Avant le retour, une violente campagne de presse mensongère anti-catalane a été diffusée dans les journaux de la capitale afin d’influencer l’opinion publique, développant un climat de tensions avant le match retour. Le Jour J, des sifflets ont été distribués aux supporters du Real et les bus de Barcelone ont été dégradés.

Dans le vestiaire, l’arbitre a participé à la pression sur l’équipe du FC Barcelone, en annonçant son intransigeance à leur égard. La police a insulté et intimidé les joueurs, informés qu’en cas d’incident, leurs forces ne suffiraient pas à les protéger. Le résultat : 8-0 à la mi-temps, 11-1 à la fin du match.

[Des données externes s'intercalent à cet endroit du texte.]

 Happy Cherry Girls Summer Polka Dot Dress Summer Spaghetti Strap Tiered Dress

Le Gouvernement aurait en outre influencé les transferts en faveur du Real Madrid, lui permettant d’assembler une équipe de stars et de remporter de nombreux titres nationaux et internationaux. Le palmarès du Real Madrid s’élève ainsi à six Ligues des Champions, une coupe Intercontinentale, quatorze championnats d’Espagne et six coupes d’Espagne sur la période.

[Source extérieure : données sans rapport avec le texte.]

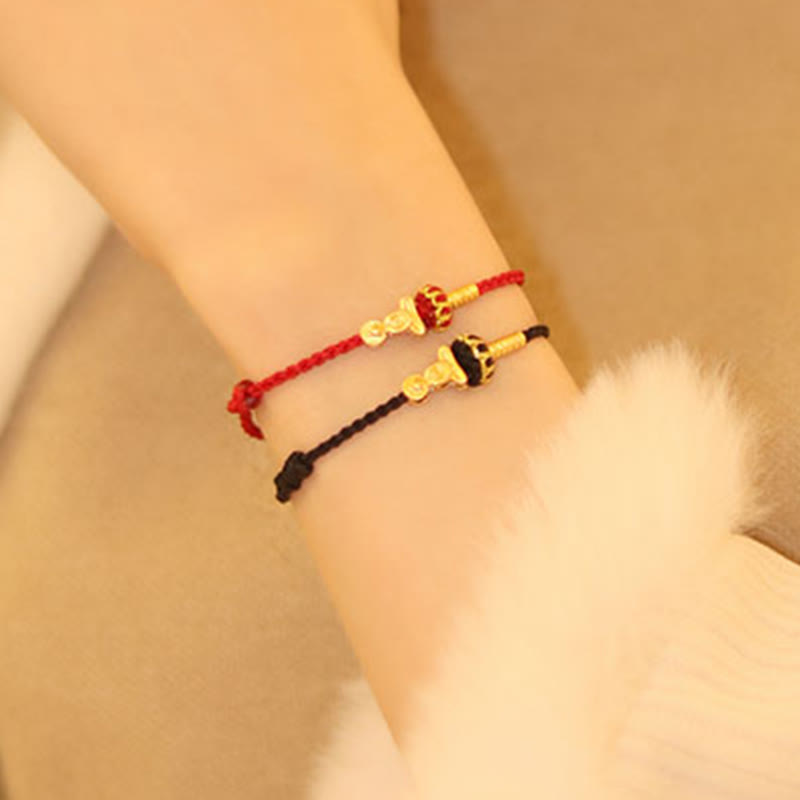 Buddha Stones Formless Buddha Lotus Knot Red String Protection Braided Bracelet - image 17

Le favoritisme s’est aussi exprimé dans la construction du stade Santiago Bernabéu, président emblématique du club et franquiste, qui contribua à l’invasion de la Catalogne par les nationalistes pendant la guerre. L’ouvrage est financé en partie par le régime, qui épongeait les dettes du club. Cette infrastructure moderne de 80 000 places a donné au Real Madrid un avantage significatif sur les autres clubs espagnols, souvent contraints de jouer dans des stades plus petits et moins bien équipés.

Un héritage encore présent

Pour conclure, les deux clubs possèdent un héritage politique bien distinct qui persiste et renforce la rivalité qui se trouve au-delà du seul cadre sportif.

Lors des Clasicos, des groupes d’ultras madrilènes entonnent encore régulièrement des champs fascistes face à des catalans indépendantistes brandissant l’estelada, voire l’estelada rouge (drapeau indépendantiste inspiré de celui de Cuba). Une campagne de révisionnisme historique a été lancée par le compte officiel du Real Madrid sur Twitter afin de non seulement blanchir son image, mais également de salir celle du FC Barcelone.

Le sport est ce faisant toujours éminemment politique, c’est pourquoi il est important de connaître les causes profondes qui nous poussent à supporter une équipe plutôt qu’une autre. S’agit-il de son palmarès, de ses valeurs, de ses résultats sportifs, de ses supporters, de ses infrastructures, de sa localisation, de ses symboles et de son histoire au sens large, ou bien la combinaison de tout ou partie de ses éléments ? La réflexion à ce sujet doit être engagée.